### AIM OF THE TASK
Please output exactly the lines from the one that holds "Autoclub Veliefendi | Mercedes Gt43" through the final line of the data, and nothing else; leave out any pictures.

===== DATASET EXTRACT

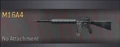 Red Tiger M16A4
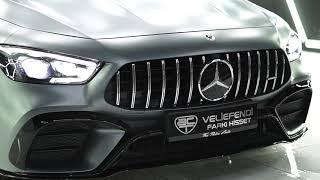 Autoclub Veliefendi | Mercedes Gt43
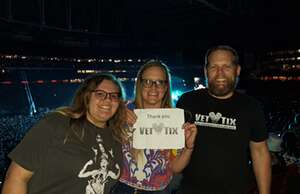 Red Hot Chili Peppers 2023 Tour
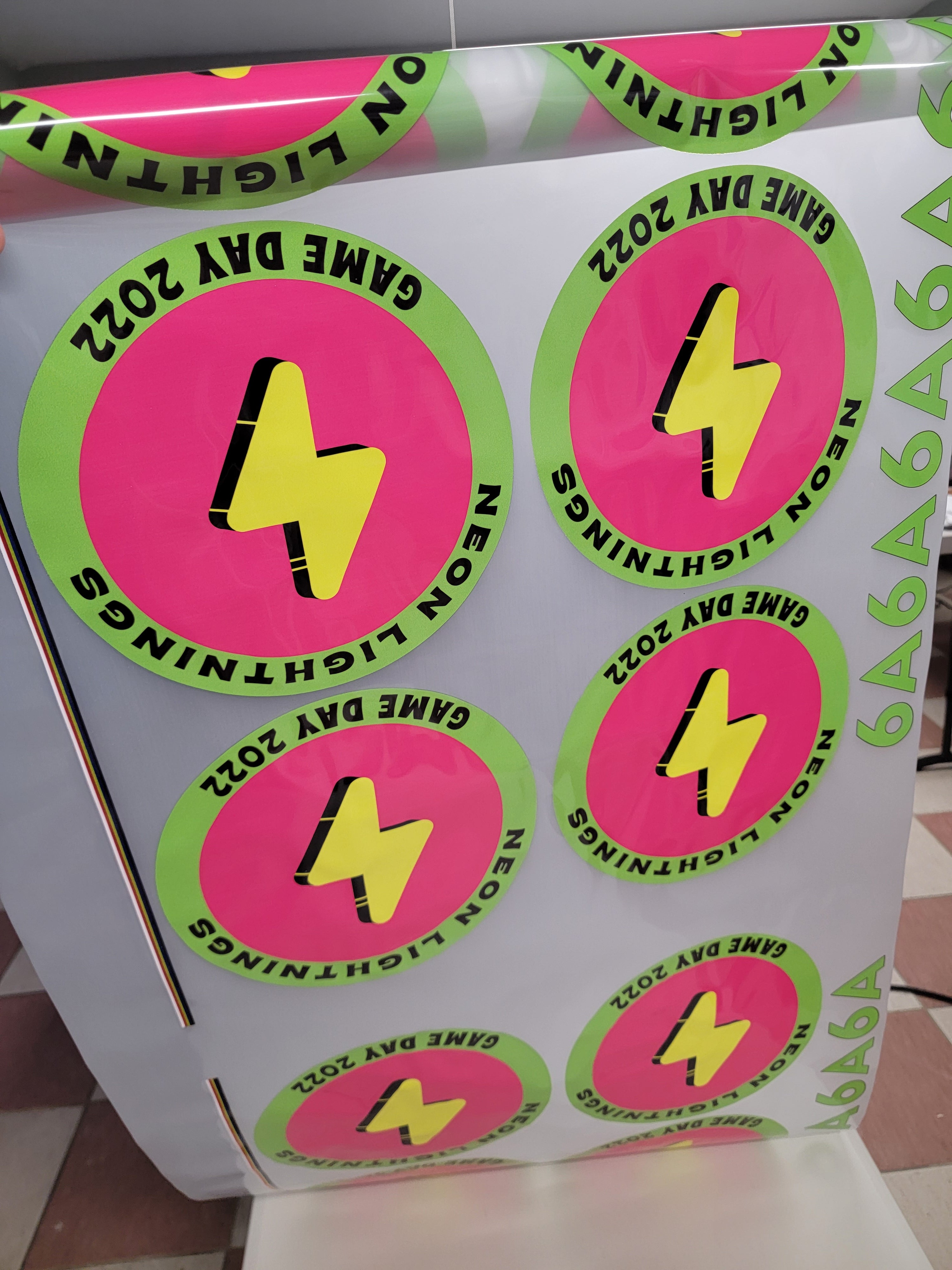 Gang Sheet Builder En Linea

==========

### EXERCISE SOLUTION
 Autoclub Veliefendi | Mercedes Gt43
 Red Hot Chili Peppers 2023 Tour
 Gang Sheet Builder En Linea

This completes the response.